Return the data below exactly, minus the pictures.

• Supplied data:
==================================================

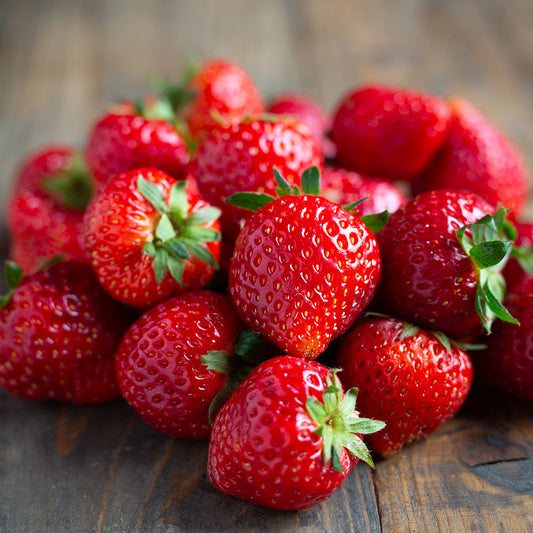 Fragaria' Eclair Strawberry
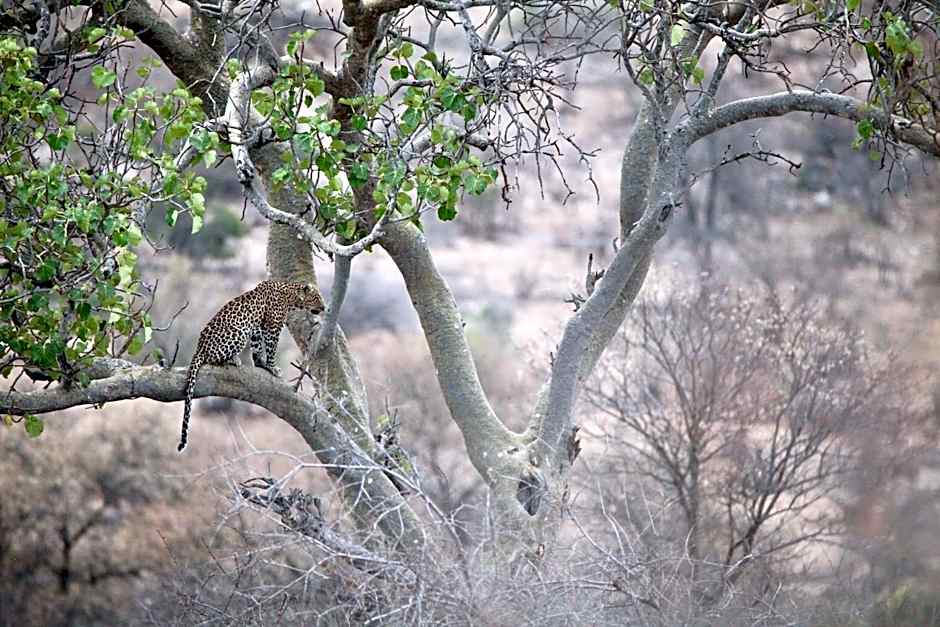 Ivory Wilderness River Rock Lodge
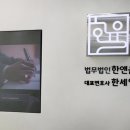 법무법인율로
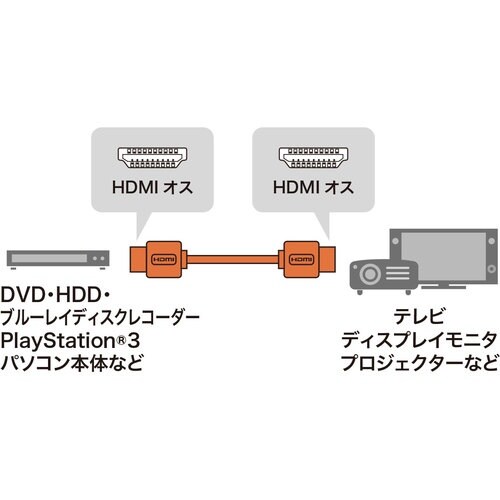 SANWA イーサネット対応ハイスピードHDMIケ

==================================================

• Task solution:
 Fragaria' Eclair Strawberry
 Ivory Wilderness River Rock Lodge
 법무법인율로
 SANWA イーサネット対応ハイスピードHDMIケ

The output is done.